→ **PROBLEM TO SOLVE**
Write the entries out again in full and unchanged, dropping every image.
##########
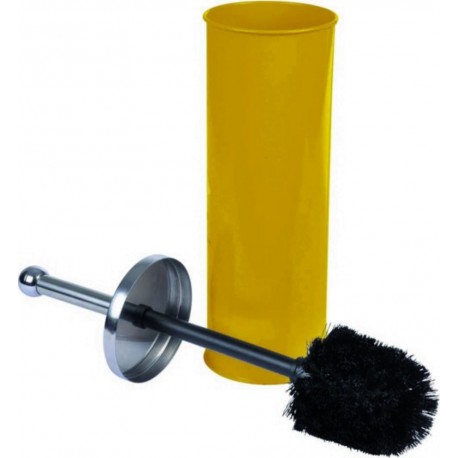 NC Brosse Wc En Métal vitamine Ii 37cm Miel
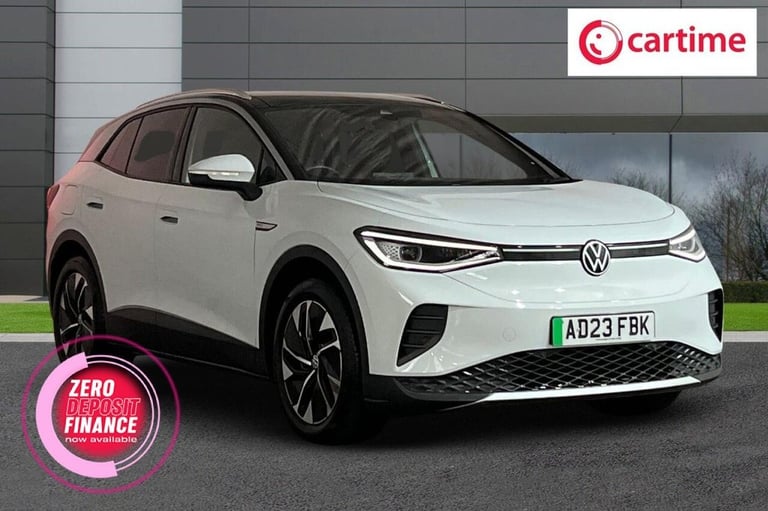 image for 2023 23 VOLKSWAGEN ID4 PRO PERFORMANCE 77KWH STYLE EDITION SUV 5DR ELECTRIC AUTO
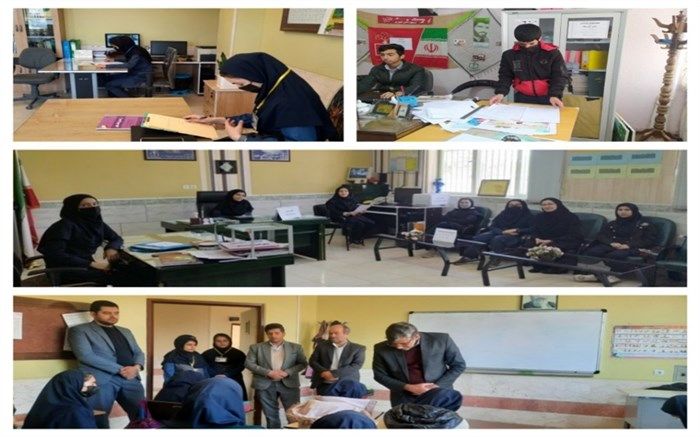 مشارکت جویی دانش‌آموزان تمرین نقش پذیری اجتماعی آنهاست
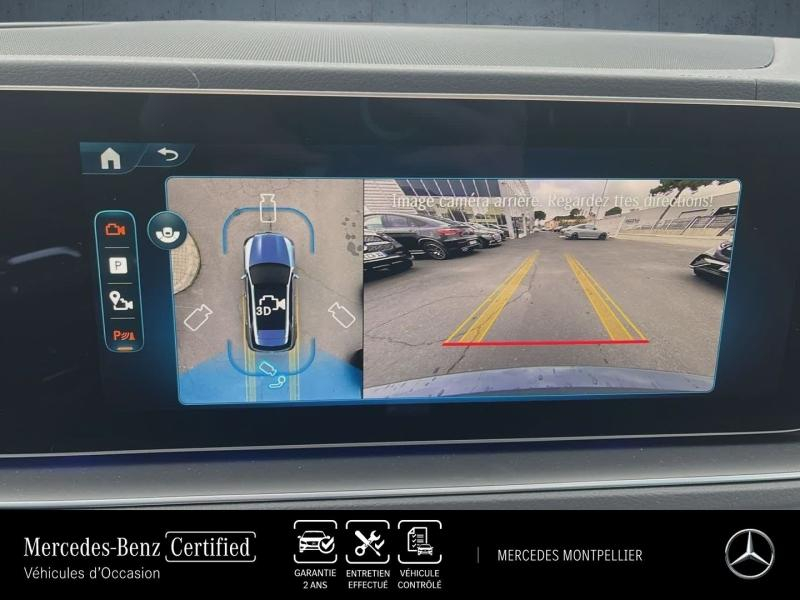Photo 19 de l’annonce de MERCEDES-BENZ GLE d’occasion à vendre à MONTPELLIER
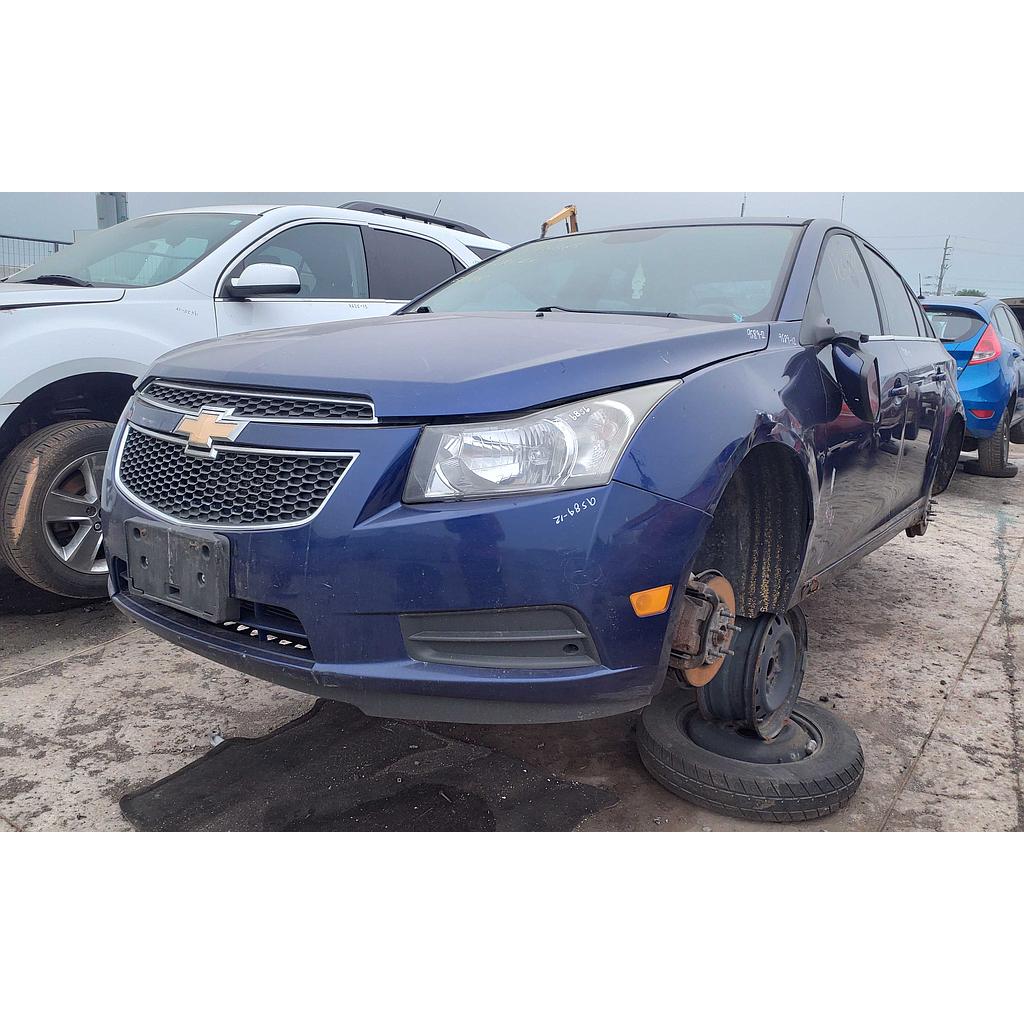 CHEVROLET CRUZE 2012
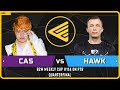 WC3 - [UD] Cas vs HawK [HU] - Quarterfinal - B2W Weekly Cup #114 on PTR 1.36.2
##########
→ **OUTPUT**
 NC Brosse Wc En Métal vitamine Ii 37cm Miel
 image for 2023 23 VOLKSWAGEN ID4 PRO PERFORMANCE 77KWH STYLE EDITION SUV 5DR ELECTRIC AUTO
 مشارکت جویی دانش‌آموزان تمرین نقش پذیری اجتماعی آنهاست
Photo 19 de l’annonce de MERCEDES-BENZ GLE d’occasion à vendre à MONTPELLIER
 CHEVROLET CRUZE 2012
 WC3 - [UD] Cas vs HawK [HU] - Quarterfinal - B2W Weekly Cup #114 on PTR 1.36.2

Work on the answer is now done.